Integration of data repositories into EOSC based on communities approaches

Introduction

The agriculture, food and environment research community faces many challenges common to all: Easily find and publish data, preserve them, and facilitate their treatment and analyse through computing solutions.

Examples of needs:

“I need to integrate innovative services that allow researchers to analyse data and publish it easily. Our information system must guarantee long-term storage of experimental data” - Engineer, Phenome-Emphasis community

“I need an easy access to the data produced on the experimental platforms. I need to correlate various datasets. I need an easy access to publish curated datasets or models.” - Research Engineer, Phenome-Emphasis community

To address these needs, this use case aims to create a flexible federated research data ecosystem for the agrifood community through four aspects:

long term data preservation,
connecting data repositories,
virtual research environments,
cloud computing.

Challenges addressed

Data findability and reusability
Data integration
Data processing
Reproducibility

Benefits through EOSC-Pillar

By using the EOSC-Pillar Federated FAIR Data Space (F2DS), data providers and repositories will be able to make their data findable, accessible, and reusable by the whole community within the context of EOSC. As a direct consequence, this task will enable and/or increase interoperability among the repositories. Furthermore, the use case will leverage EOSC data services such as B2SAFE in order to implement long-term preservation of the institutional data repositories.

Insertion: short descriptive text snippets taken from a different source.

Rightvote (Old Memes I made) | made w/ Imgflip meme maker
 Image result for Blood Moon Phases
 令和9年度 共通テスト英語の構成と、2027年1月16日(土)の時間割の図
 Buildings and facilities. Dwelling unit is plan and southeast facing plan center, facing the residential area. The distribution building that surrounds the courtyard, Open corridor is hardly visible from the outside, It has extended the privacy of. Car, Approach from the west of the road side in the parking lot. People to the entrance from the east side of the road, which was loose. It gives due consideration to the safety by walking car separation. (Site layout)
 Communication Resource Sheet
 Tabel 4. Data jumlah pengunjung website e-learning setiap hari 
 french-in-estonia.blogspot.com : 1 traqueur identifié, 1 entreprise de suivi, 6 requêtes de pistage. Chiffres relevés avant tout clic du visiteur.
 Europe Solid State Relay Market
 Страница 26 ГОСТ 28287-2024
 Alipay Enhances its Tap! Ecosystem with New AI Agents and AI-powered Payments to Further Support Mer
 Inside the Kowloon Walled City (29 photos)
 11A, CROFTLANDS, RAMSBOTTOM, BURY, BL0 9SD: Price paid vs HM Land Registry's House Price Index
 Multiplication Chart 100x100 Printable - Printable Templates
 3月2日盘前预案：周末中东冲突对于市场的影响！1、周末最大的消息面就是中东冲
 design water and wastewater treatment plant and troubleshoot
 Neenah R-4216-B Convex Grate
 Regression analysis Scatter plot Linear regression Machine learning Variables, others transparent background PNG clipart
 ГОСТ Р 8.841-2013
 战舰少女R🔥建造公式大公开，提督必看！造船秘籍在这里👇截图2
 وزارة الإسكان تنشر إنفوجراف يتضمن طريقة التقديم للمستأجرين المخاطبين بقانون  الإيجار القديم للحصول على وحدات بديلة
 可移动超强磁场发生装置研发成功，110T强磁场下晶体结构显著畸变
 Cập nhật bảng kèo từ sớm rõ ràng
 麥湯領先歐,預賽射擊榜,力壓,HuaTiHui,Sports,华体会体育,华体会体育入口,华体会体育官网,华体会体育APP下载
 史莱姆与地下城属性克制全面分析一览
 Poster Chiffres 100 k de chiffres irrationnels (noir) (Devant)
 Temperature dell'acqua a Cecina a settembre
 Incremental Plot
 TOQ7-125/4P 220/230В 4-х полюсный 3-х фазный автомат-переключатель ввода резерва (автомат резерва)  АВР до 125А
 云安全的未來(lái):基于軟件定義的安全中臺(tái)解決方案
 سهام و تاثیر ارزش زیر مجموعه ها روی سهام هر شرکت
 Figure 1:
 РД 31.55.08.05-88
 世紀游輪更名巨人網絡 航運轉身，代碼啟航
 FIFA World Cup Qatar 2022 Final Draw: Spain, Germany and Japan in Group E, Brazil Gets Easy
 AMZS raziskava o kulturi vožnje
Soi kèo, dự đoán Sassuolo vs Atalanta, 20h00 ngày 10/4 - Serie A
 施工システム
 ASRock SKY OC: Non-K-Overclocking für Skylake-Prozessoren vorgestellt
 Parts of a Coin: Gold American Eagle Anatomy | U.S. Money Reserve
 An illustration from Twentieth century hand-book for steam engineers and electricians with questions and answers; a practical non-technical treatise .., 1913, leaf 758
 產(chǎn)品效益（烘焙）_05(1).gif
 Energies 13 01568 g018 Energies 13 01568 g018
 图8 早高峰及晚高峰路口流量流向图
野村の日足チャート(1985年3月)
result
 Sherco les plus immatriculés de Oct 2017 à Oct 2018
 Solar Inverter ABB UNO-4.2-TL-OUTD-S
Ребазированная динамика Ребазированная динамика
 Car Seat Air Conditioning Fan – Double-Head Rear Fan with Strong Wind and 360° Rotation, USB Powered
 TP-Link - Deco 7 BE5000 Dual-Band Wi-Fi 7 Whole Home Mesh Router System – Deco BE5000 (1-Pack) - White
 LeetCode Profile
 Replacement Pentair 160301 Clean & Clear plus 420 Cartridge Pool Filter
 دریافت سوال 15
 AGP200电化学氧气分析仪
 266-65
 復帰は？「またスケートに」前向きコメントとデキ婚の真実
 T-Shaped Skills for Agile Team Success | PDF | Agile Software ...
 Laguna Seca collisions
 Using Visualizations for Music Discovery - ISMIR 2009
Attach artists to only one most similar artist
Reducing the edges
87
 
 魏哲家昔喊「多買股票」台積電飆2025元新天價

With EOSC distribution, the agrifood community as a whole will gain access to a research environment on which to process, analyse and visualise data in-situ with appropriate compute infrastructure, without the need to download them first, fostering collaborations and cross-fertilisation.

Highlights

What has been achieved

Widening the agrifood initial scope through collaboration with partners.
Deployment of a Virtual Research Environment in D4Science.
Deployment of OpenStack over INRAE’s and France Grille’s infrastructures.
Provisioning of Kubernetes Clusters based on INRAE’s and France Grille’s infrastructures.
Deployment of JupyterHub on INRAE’s infrastructures.
Deployment of renku on INRAE ’s infrastructures.
Deployment of binder on INRAE’s infrastructures.
Mapping between CINES archiving tool ( VITAM) and DataINRAE metadata.
Creation of Data INRAE openAPI definition for help integrating dataverse based repositores data in Federated FAIR Data Space (F2DS).
Development of a connector between dataverse based data repository and D4Science VRE.
Development of a connector between dataverse based data repository and JupyterHub.
Setup a connector between CINES archiving tool (VITAM) and Data INRAE for archiving automaticaly Data INRAE’s data in VITAM.
Connection between INRAE jupyterHub and D4Science platform as a jupyter notebook provider.

Next steps

Developing a connector between dataverse and renku.
Developing a connector between dataverse and binder.
Setup interoperability between Fraunhofer Marketplace and F2DS.
Setup interoperability between Fraunhofer Marketplace and dataverse based repository.